At the end of the day, we faced quite a few challenges along the way. One challenge was standardizing the datasets to have the same unique geographic identifiers (FIPS codes). When initially plotting our maps, we had multiple states missing data. After backtracking and looking at our geographic identifiers, we realized there were mislabeled FIPS codes due to missing leading zeros and created a function to properly identify and alter any inaccurate FIPS codes. Another challenge was matching data that was measured on different levels (state, county), which was solved through grouping and aggregation.

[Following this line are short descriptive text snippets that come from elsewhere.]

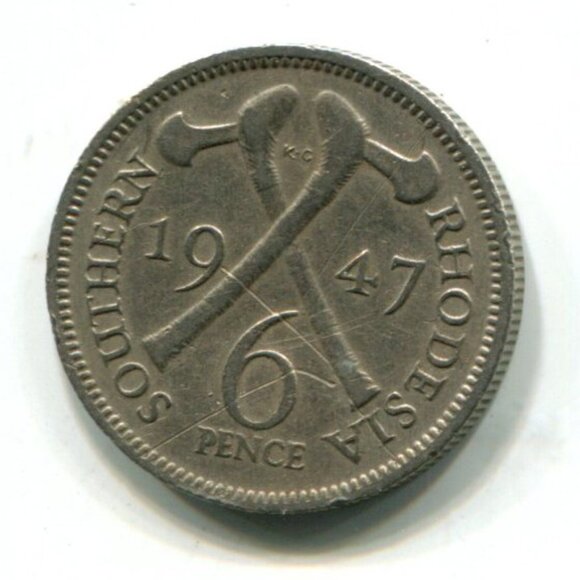 1947 Southern Rhodesia 6 Pence Coin (b475-1) - Picture 1 of 2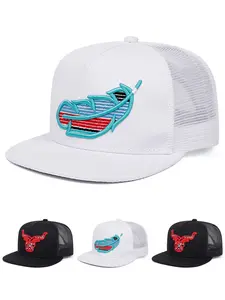 2026 New Personalized Fashion Flat brimmed Hat Feather Bull Head Embroidered Baseball Hat Street Creative Hip Hop Skateboarding Hat Outdoor Sports Sunshade Hat Daily Life Commuter Decorative Hat Unisex Casual Breathable Mesh Hat Fitted Baseball Caps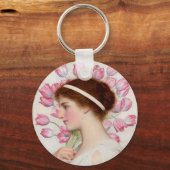 Dame in het klassieke dress met roze tulpen sleutelhanger (Voorkant)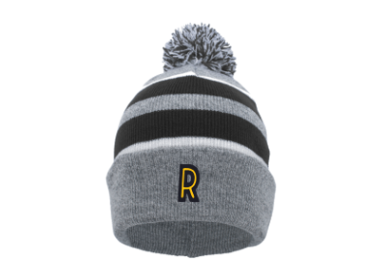6018 - Heather/Black/White Knit foldover Pom Beanie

Through the Blueprint Datathon, we developed skills using multiple technologies such as Python, R, and web application frameworks. After hours of wrestling with data cleaning and preprocessing, we realized the importance of data validity and quality. In terms of originality, we looked at our data in broad strokes. When taking on this task, we specifically wanted to use the entirety of the data despite the large size of the SafeGraph data (24 GB). Additionally, we wanted to take an objective perspective by letting the data guide our findings through intensive exploratory data analysis and visualizations. Finally, we wanted to apply machine learning and use its findings to complement our predictions.

At the end of the day, by addressing these predictors and analyzing trends on either a county or state level, we can figure out what factors play into COVID-19 cases and deaths, where potential hotspots might arise, and what steps should be taken to protect our fellow Americans.